New World Order is an abstract concept that attempts to create a better world. Therefore its contents may vary from time to time based on the situation and the nature of paradigm shift required. New World Order and the United States: In the history of the United States, the term ‘New World Order’ was first introduced by Woodrow Wilson after the World War I. Marked by idealism, the concept did no prevail long. After the World War II, Franklin D. Roosevelt attempted to establish the concept by making possible increasing role of international bodies like United Nations for the attainment of peace which never reached pragmatism.
Both these versions of New World Order remained transient up until 1991 when President George H. W. Bush introduced the term at the time of Gulf War which marked the characteristics of post cold war era. Bush’s idea behind new world order included the abandonment of aggression against nations, collective security to guard against the aggression and increases collaboration of nations to meet such peace creating goals (Miller and Yetiv 56). Before 1991, the New World Order only existed as an abstract concept.
President Bush perpetuated it in the international politics (Yovanovish 3) which was practically implemented in case of the Iraq’s war with Kuwait. Concept of New World Order in the Light of Bush Administration What Bush Administration implied by New World Order was fairly divergent from the preceding concepts addresses by the other US presidents. In a nut shell, the major components of President Bush’s New World Order can be reckoned in the following except from his speech, “a new era-freer from the threat of terror, stronger in the pursuit of justice, and more secure in the quest for peace. An era in which the
nations of the world, East and West, North and South, can prosper and live in harmony … a world where the rule of law supplants the rule of the jungle … where the strong respect the rights of the weak” (Miller and Yetiv 56). The concerned statement passed in 1991 provide an unequivocal agenda of New World Order that included peace creation, global prosperity and a rule of law to control the world. The other aspects introduced by President George H. W. Bush included interdepence, collective security, collective action, international authorities and globalization etc. Positive Impacts of New World Order in Terms of International Cooperation
The New World Order has played dual role in bringing the phase of transformation. On a positive side, establishment of this order and the end of cold war removed the threat of nuclear havoc. Similarly, the state governments shifted to a mutual problem solving approach as a result of increasing dependency arriving from globalization. Such corollaries are evident in events like General Agreement on Tariffs and Trade and North American Free Trade Agreement etc (Hauss 2&3). Interdependence The end of cold war and the collapse of Soviet Union led to a unipolar environment in the world politics.
As the balance of power disturbed , the New World Order inoculated a system of interdependence providing equal opportunities for all the states by advocating the dependence of nations on one another. Related to interdependence is the preference of common interests to state interests that was addressed by the new system (Kessler 53). Therefore, the New World Order suppressed national sovereignty in favour of international authority. Cooperation To increase interdependence and through the work of international bodies, the concept of Free Trade emerged as a product of New World Order.

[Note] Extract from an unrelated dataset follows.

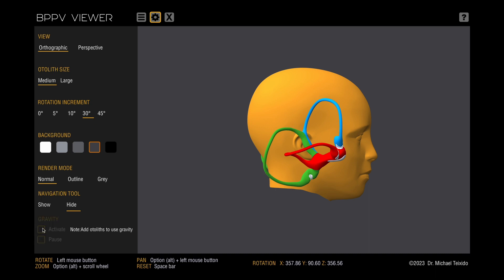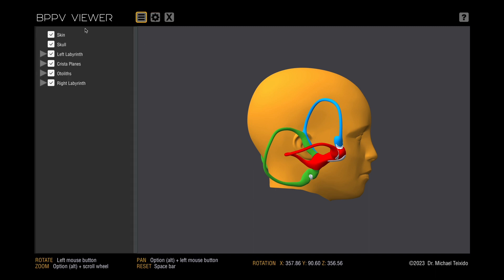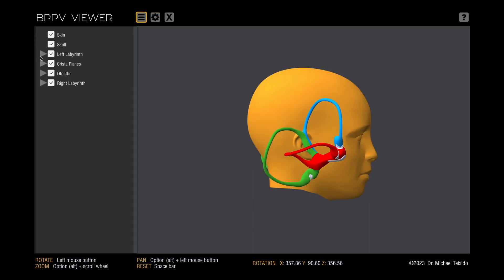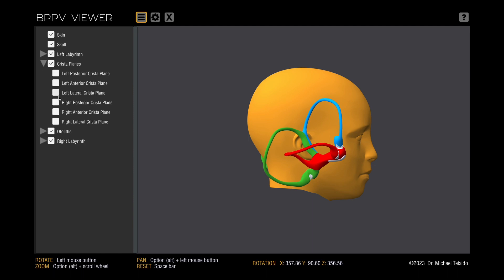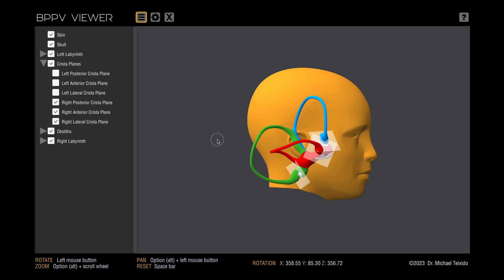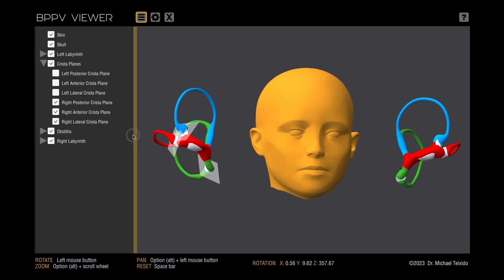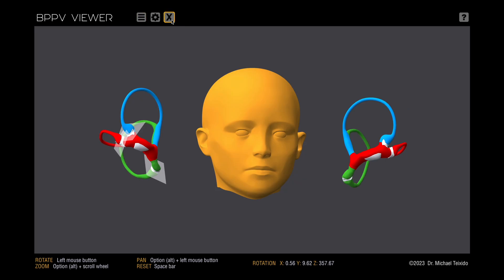Switch to the list view to display or hide various components of the model. Use the drop-down menus to access additional features, such as viewing the different Christe planes for each canal. For a simpler view of the models, click the X button in the menu options to hide all menus.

With the lifting of trade barriers as a result of Free Trade policy, increasing flow of technology across borders, individuals from different countries are crossing their borders to enter into the other countries to hunt for opportunities and are constantly being exposed to the foreign cultures and issues. This trend has started diminishing the borders between nations thereby threatening the concept of statehood. As a result ‘greater economic and social interdependence seem to affect national decision-making’ thereby making the concept of state obsolete (Bertucci & Alberti, p.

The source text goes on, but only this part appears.